**Work to complete**
From the records below, print only the part that opens with the line containing "Xia T-Shirt - Lobster Embro" and closes with the line containing "Mercedes-Benz S-Class W223"; omit the pictures.
Given entries START
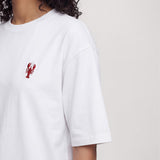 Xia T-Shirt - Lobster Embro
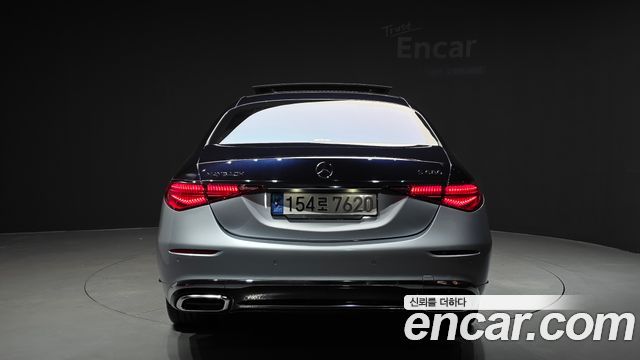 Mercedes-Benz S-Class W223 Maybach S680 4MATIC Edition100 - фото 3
Given entries END
Given entries START
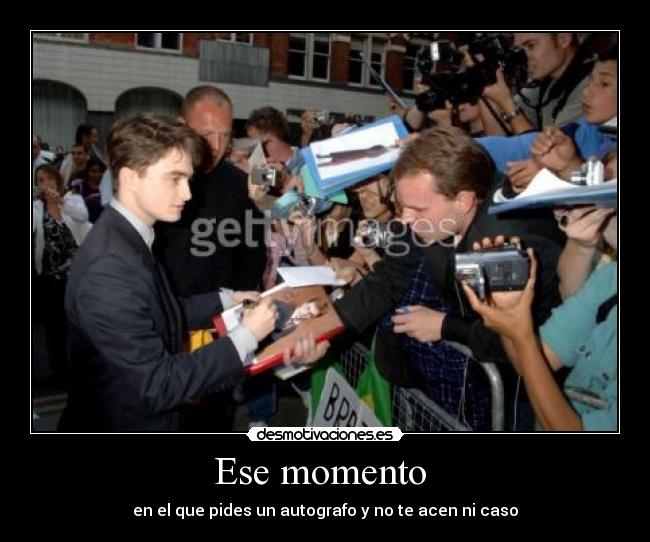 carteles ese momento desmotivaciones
Given entries END
**Reply to the task**
 Xia T-Shirt - Lobster Embro
 Mercedes-Benz S-Class W223 Maybach S680 4MATIC Edition100 - фото 3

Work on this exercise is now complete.